THE DATA Block Start
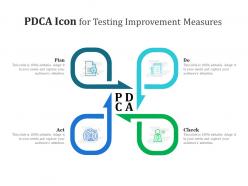 Pdca icon for testing improvement measures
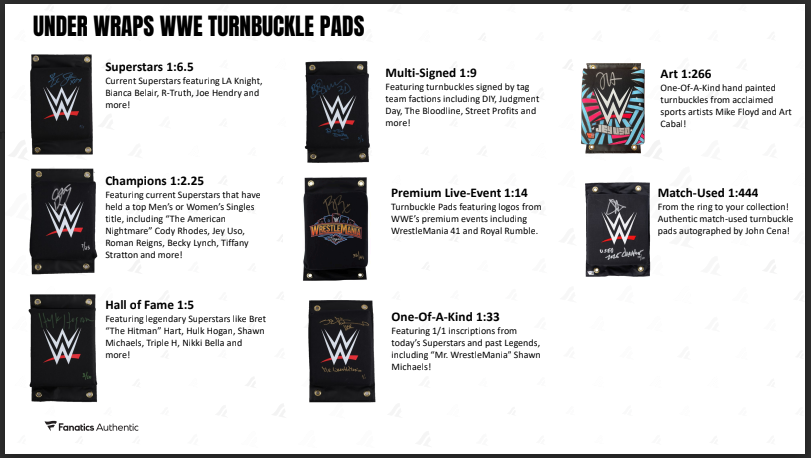 2026 Fanatics Under Wraps Wwe Turnbuckle Pads (Single Mystery Box)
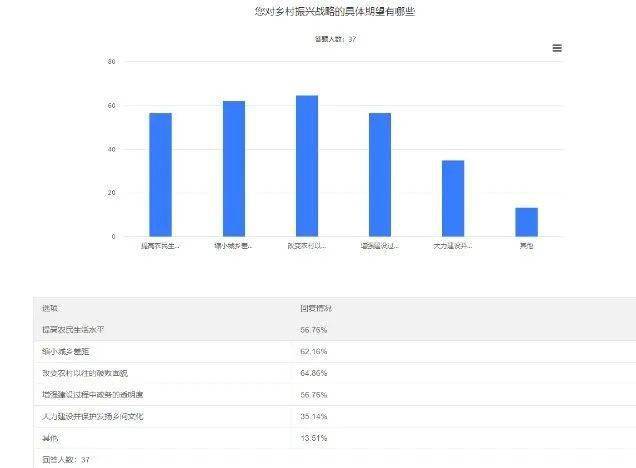 汽车人均拥有量_卡通汽车图片(3)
THE DATA Block End
→ EXERCISE AIM: Nothing but the text of the listing should be set down, exactly, with the pictures left behind.

→ YOUR SOLUTION:
 Pdca icon for testing improvement measures
 2026 Fanatics Under Wraps Wwe Turnbuckle Pads (Single Mystery Box)
 汽车人均拥有量_卡通汽车图片(3)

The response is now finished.